蘭は知らないが2人がいるこの場所はあるラブホテルの一室だった。静かで誰にも邪魔されない所で五条の"噂のお姫様"と話がしたかったという理由でここに蘭を連れてきた男・禪院直哉はこれが立派な犯罪だと分かっているのかいないのか、ニコニコと笑顔で彼女を見下ろしている。


「直哉、蘭の腕放す。動けないし、顔近い」


「せやから"さん"をつけろアホ!ハァ…まぁええわ。なんや俺君のこと気に入っちゃったみたいやし?特別にお嫁さんにしたるわ!な?嬉しいやろ 泣いて喜んでもええんやで?夜の方もまぁ悟君のお下がりってとこが癪やけどこれから時間かけて俺の形に変えていけばええ話やしな」


1人勝手に話を進めて行く直哉について行けず、蘭はよく分からないがここは首を振っておこうと、ブンブンと首を横に振った。

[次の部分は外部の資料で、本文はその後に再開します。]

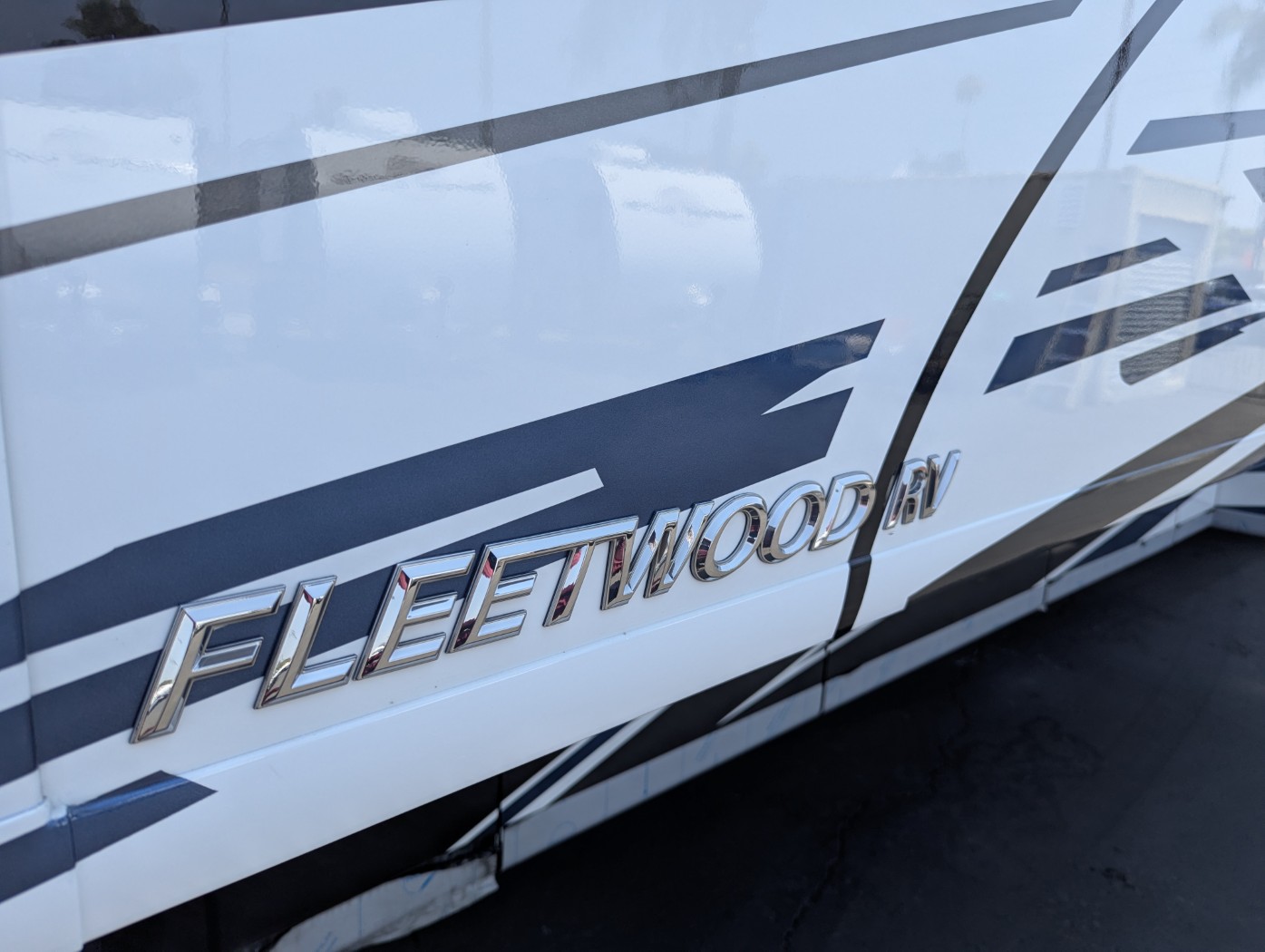 2026 Fleetwood Discovery LXE 40M - Image 4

「蘭、直哉のお嫁さん違う。嬉しくて泣くも、ない。それより早く腕放す」


「はぁ〜アカン、アカンわ蘭ちゃん。この状況でまだ旦那さんになる俺に口答えするんは"犯して下さい"て煽ってるとしか思えへんで?そのべっぴんさんな顔ぐしゃぐしゃに泣かすんも興奮するしな。あ、せやもしかして自分無理矢理ヤられるのとか好きなん?」


「?直哉、言ってる意味わからない。あと旦那さん、違う」


「ホラ だからそういうとこやねん。まぁ、分からないならええわ 今その体によぉ分からせたる」


目の前にあったはずの直哉の顔が見えなくなり、代わりに首筋にぬるっとした感触がした。
その瞬間、蘭の体がビクッと大きく動いた。
直哉の動きを止めようともがく蘭だったが両腕を頭の上で纏められている為、僅かに足を動かすしかできない。